Directions: Pictures stay out of the copy, and everything else in the data below is repeated exactly.

Given material:
>>>>

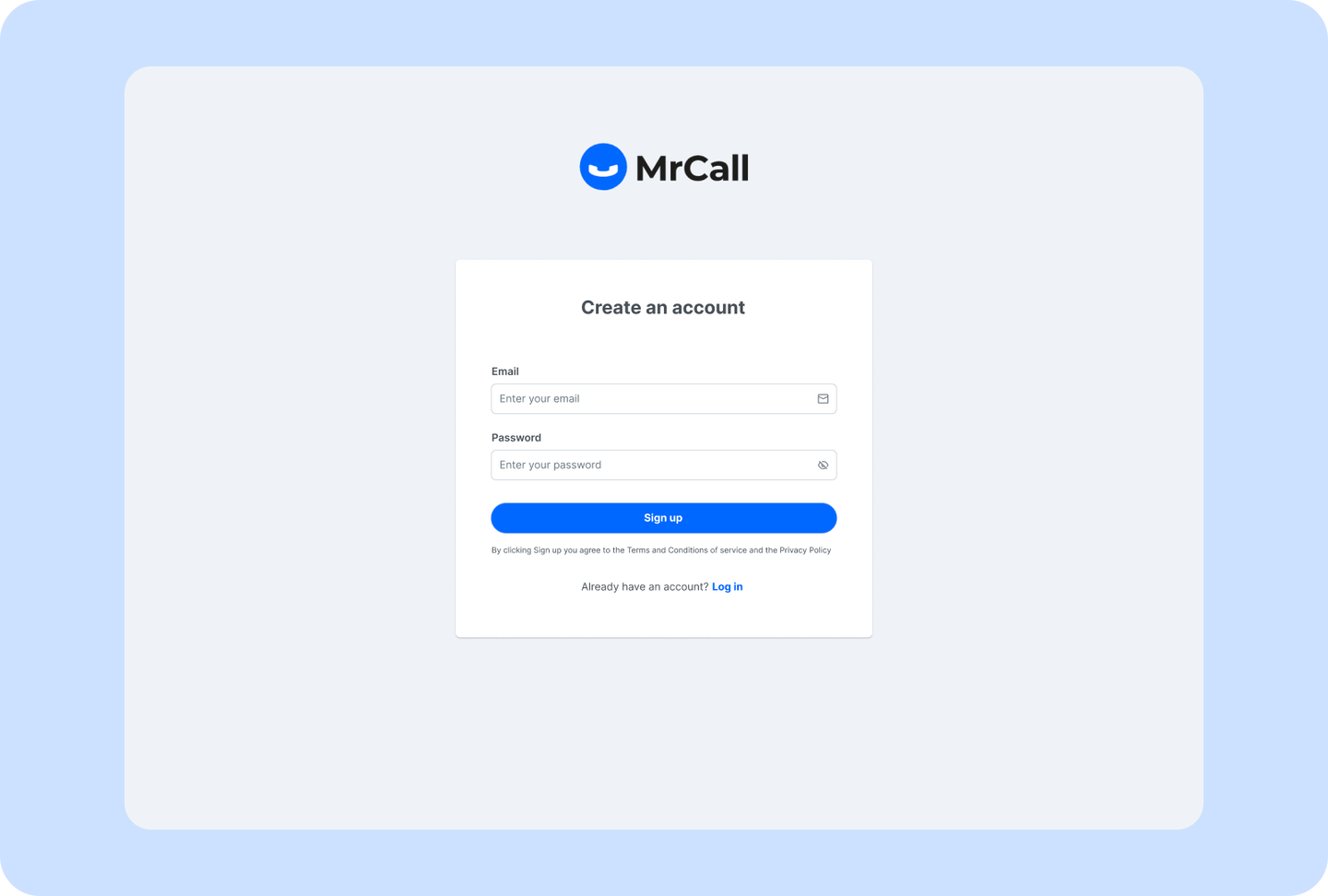 MrCall sign-up screen to create an account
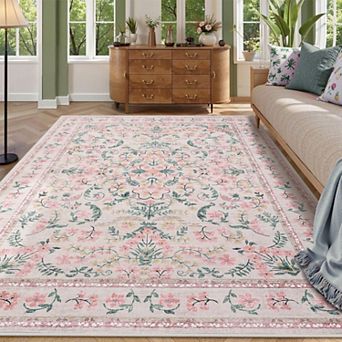 Washable Area Rug, Boho Floral Soft Rugs for Living Room, Non Slip Low Pile Carpet for Bedroom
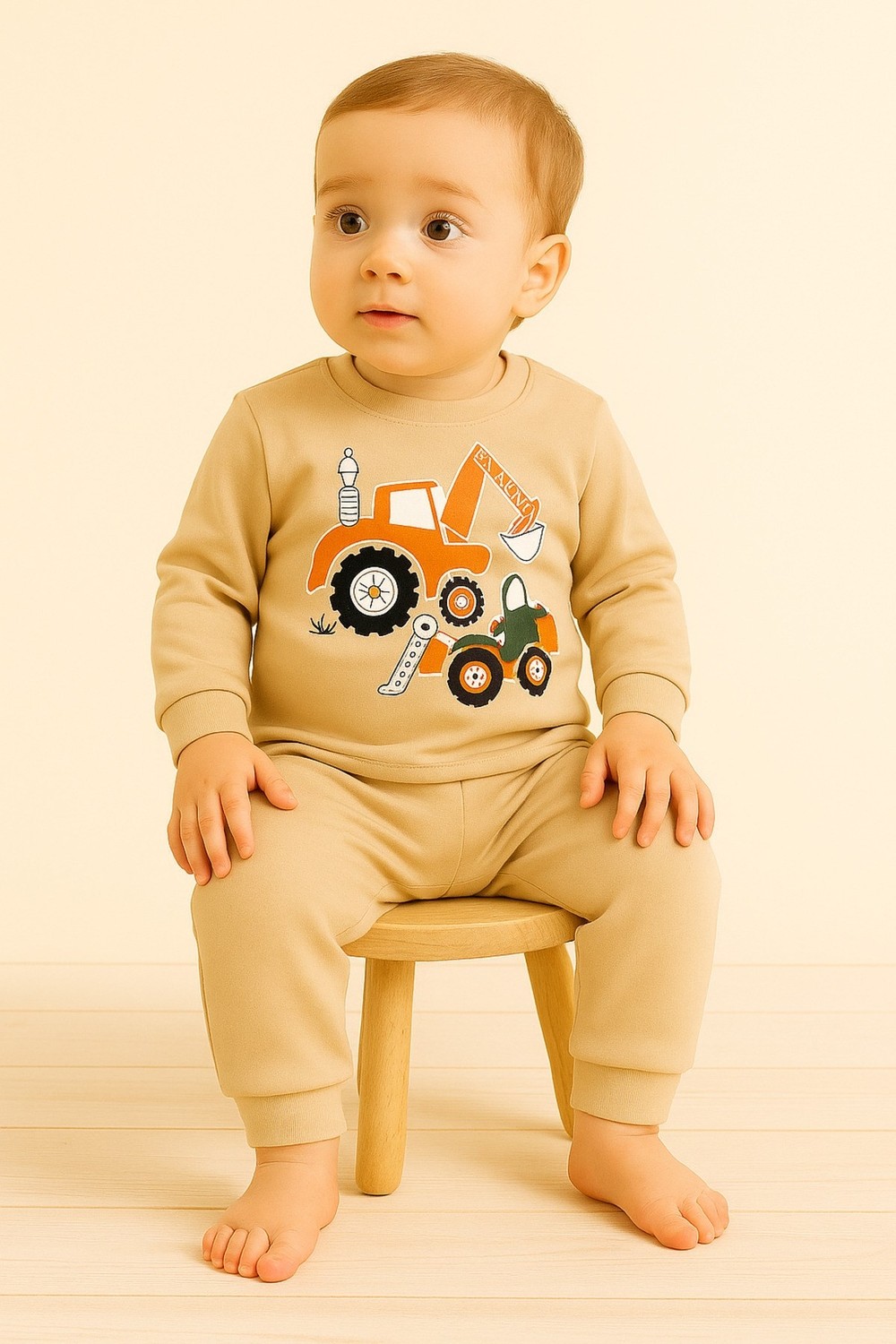 Aden Kids Erkek Çocuk Dinozor Baskılı Pamuklu Penye Pijama Takımı 0-5 Yaş, Mevsimlik, Günlük Kullanıma Uygun görsel 5
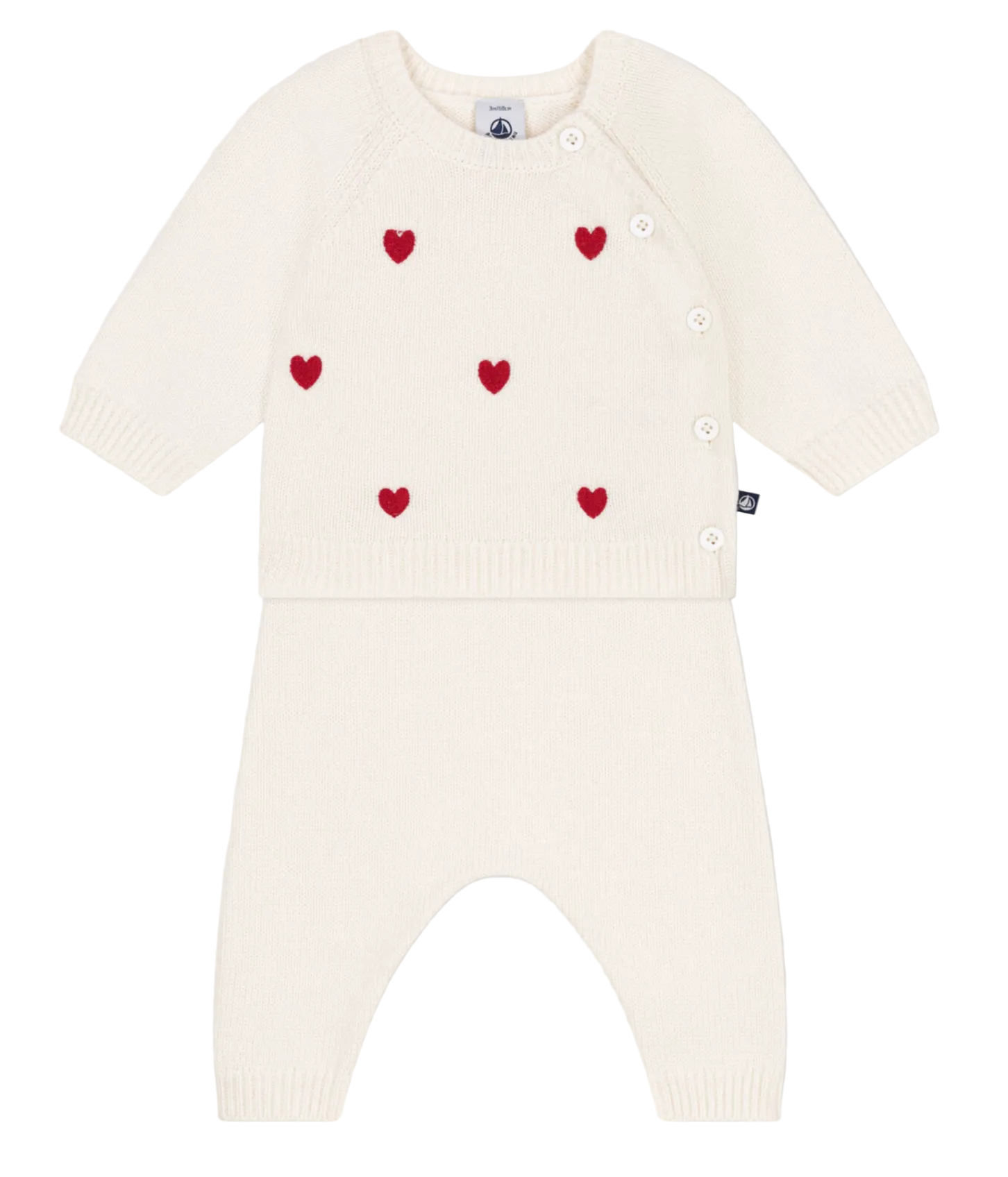 Baby Girl 2pc Knit Set Sweater with Hearts and Pants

<<<<

Response:
 MrCall sign-up screen to create an account
 Washable Area Rug, Boho Floral Soft Rugs for Living Room, Non Slip Low Pile Carpet for Bedroom
 Aden Kids Erkek Çocuk Dinozor Baskılı Pamuklu Penye Pijama Takımı 0-5 Yaş, Mevsimlik, Günlük Kullanıma Uygun görsel 5
 Baby Girl 2pc Knit Set Sweater with Hearts and Pants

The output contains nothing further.